In this Promissory Note, you will see the following sections:

  1. Interest
  2. Term & Repayment
  3. Default
  4. Miscellaneous


Summary of each section:

  1. Interest : This section outlines the interest rate that the Borrower (Summit Solutions LLC) agrees to pay on the outstanding principal amount. The interest is calculated based on a 360-day year and the actual number of days elapsed.

  2. Term & Repayment : This section explains the repayment schedule, including the monthly payment amount, the day of the month payments are due, and the maturity date (when the entire unpaid principal balance and interest must be paid). It also allows the Borrower to prepay the outstanding principal amount without penalty, as long as all accrued and unpaid interest is also paid.
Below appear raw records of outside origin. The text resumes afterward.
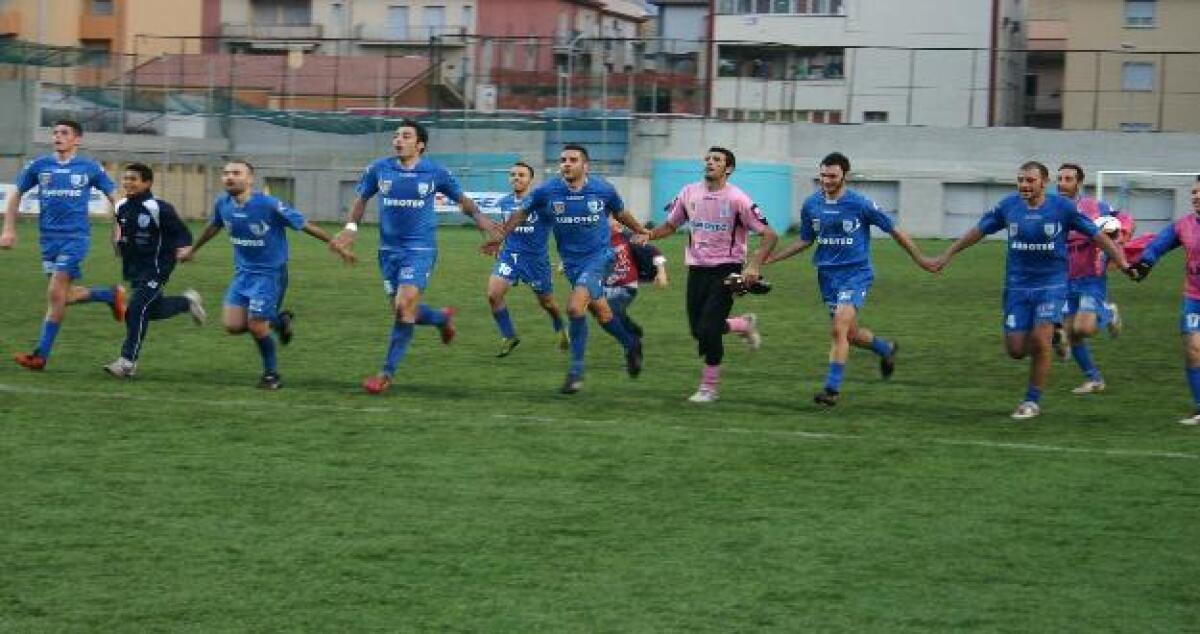 Gela in emergenza, tra squalifiche ed infortuni cinque assenti col Santa Croce - 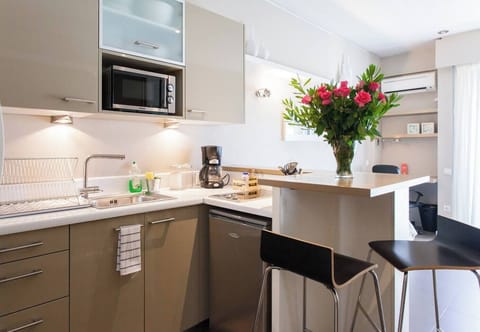 Kitchenette & counter
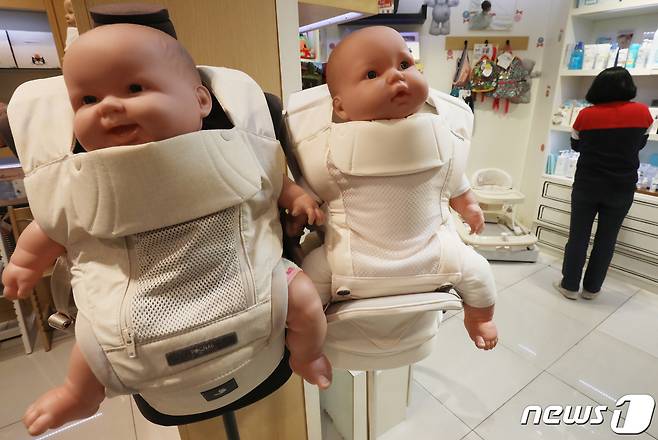 서울에 위치한 백화점의 유아용품 모습. 2023.3.22/뉴스1 ⓒ News1 송원영 기자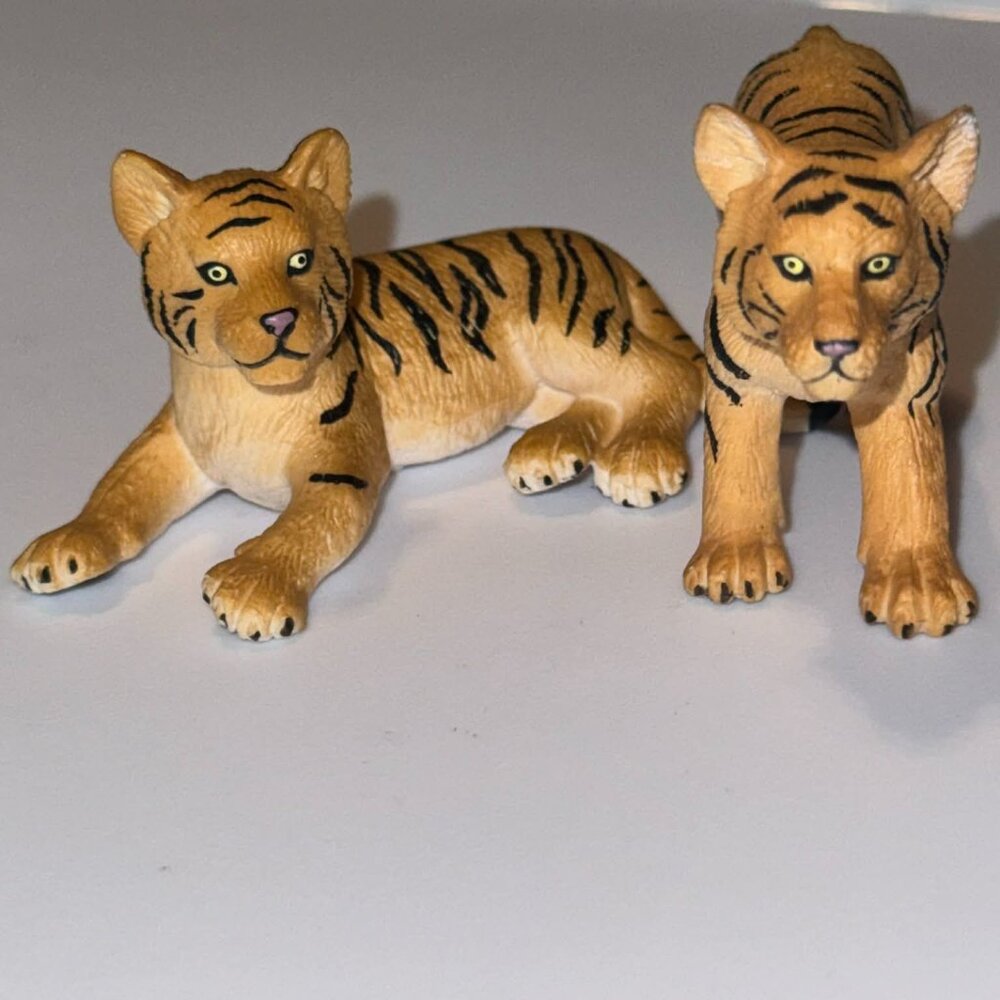 2  Mojo Bengal Tigers Figurine,Desktop,Teaching,Collecting!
  3. Default : This section lists the events that would constitute a default, such as failure to make payments, breach of representations or warranties, insolvency, or any other event that the Lender deems materially adverse to the Borrower's ability to perform its obligations. If a default occurs, the Lender has the right to declare the entire unpaid principal amount, interest, and other amounts due immediately, and exercise any legal remedies available.

  4. Miscellaneous : This section covers various additional provisions, such as the Borrower waiving certain rights, the governing law, binding effect on successors and assigns, severability of terms, and the entire agreement between the parties. It also states that the Borrower cannot assign or transfer its rights or obligations without the Lender's prior written consent.